Salah satu tujuan pansus diusulkan para petani yang sedang berkonflik tersebut adalah memastikan DPR mendesak penyelesaian ribuan konflik agrarian dan merekomendasikan pemerintah segera menjalankan pembaruan agraria sesuai dengan amanat konstitusi dan Undang-Undang Pokok Agraria (UUPA) 1960.
Untuk sampai kepada rekomendasi tersebut, DPR harus dapat memahami beragam jenis konflik agraria yang berjenjang dan model-model kejahatan bisnis perkebunan, kehutanan, serta bisnis pertambangan yang selama ini melahirkan konflik agraria. Terlebih konflik perkebunan.

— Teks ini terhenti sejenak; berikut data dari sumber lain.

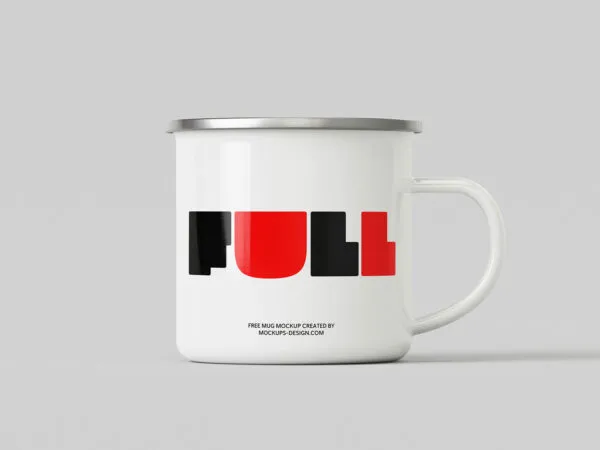 Enamel Mug Mockup in 5 Sights 1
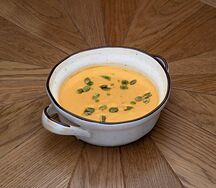 Суп Карри из печёной моркови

Salah satu titik konflik agraria tertua dan terbanyak adalah konflik di wilayah perkebunan. Mulai dari konflik agraria perkebunan warisan kolonial Belanda hingga perkebunan inti plasma yang selama ini di dorong oleh pemerintah.
Konflik Perkebunan
Konflik perkebunan warisan kolonial banyak terdapat di Jawa dan Sumatera Utara bagian Timur. Perkebunan tersebut saat ini mayoritas dikelola oleh BUMN perkebunan. Mayoritas BUMN mendapatkan perkebunan karena nasionalisasi perkebunan Belanda pada tahun 1950-an. Sementara, kita tahu bahwa perkebunan tersebut dahulunya dibangun dengan cara merampas tanah-tanah rakyat. Padahal, area PTPN adalah titik paling sulit dalam menyelesaikan sengketa agrarian akibat berbagai instansi yang mesti dilibatkan yakni Kementerian BUMN, Kementerian Pertanian, BPN dan Pemda. Dan, koordinasi kelembagaan antar instansi ini untuk secara khusus membicarakan penyelesaian konflik agraria hamper dipastikan tidak pernah ada.

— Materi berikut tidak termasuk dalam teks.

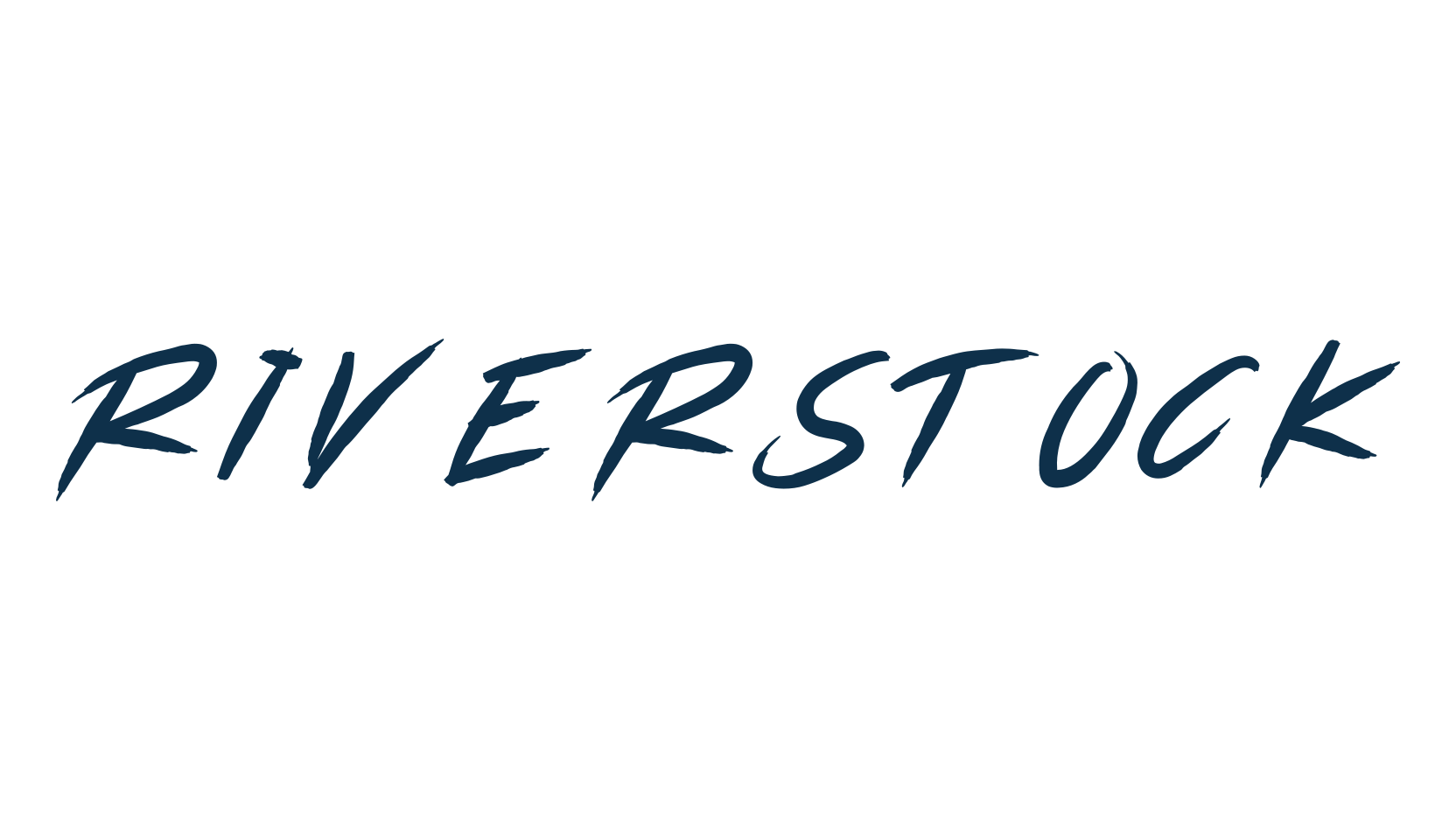 Riverstock, brush font preview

Selain itu, Pansus DPR juga harus segera mengevaluasi Kementerian Pertanian, dalam hal ini Dirjen Perkebunan, Dinas Pertanian atau Perkebunan yang ada di Pemerintah Daerah. Karena, jajaran isntansi ini hampir tidak pernah telihat turun tangan secara aktif untuk menghentikan konflik-konflik agraria yang ada disektor perkebunan.
Pada perkebunan yang didirikan setelah Orde Baru berkuasa hingga sekarang, penulis melihat ada beberapa fase-fase konflik yang harus diurai sehingga praktek bisnis jahat oleh perkebunan nakal bisa terlihat.
Pertama, fase normative. Fase ini berawal dari pemberian izin lokasi, izin prinsip perkebunan yang diberikan oleh Bupati, Gubernur yang kerapkali bertabrakan dengan wilayah kelola masyarakat. Sementara, setelah mendapatkan izin, kerapkali perusahaan perkebunan memaksa rakyat menyerahkan lahan dengan memberikan ganti kerugian tidak wajar. Setelah proses ini, perusahaan mendaftarkan tanah sebagai HGU kepada BPN. Kerapkali, perusahaan mendapatkan HGU dengan proses yang tidak wajar dan cacat prosedur sehingga areal HGU mencaplok lahan-lahan warga.
Kedua, fase pembangunan perkebunan. Konflik jenis ini diawali perusahaan perkebunan yang mengajak masyarakat untuk bermitra dengan masyarakat. Awalnya, masyarakat menyerahkan lahan untuk dibangun kebun plasma oleh perusahaan. Sebelum melangkah kepada pembangunan, perusahaan melakukan MoU dengan masyarakat.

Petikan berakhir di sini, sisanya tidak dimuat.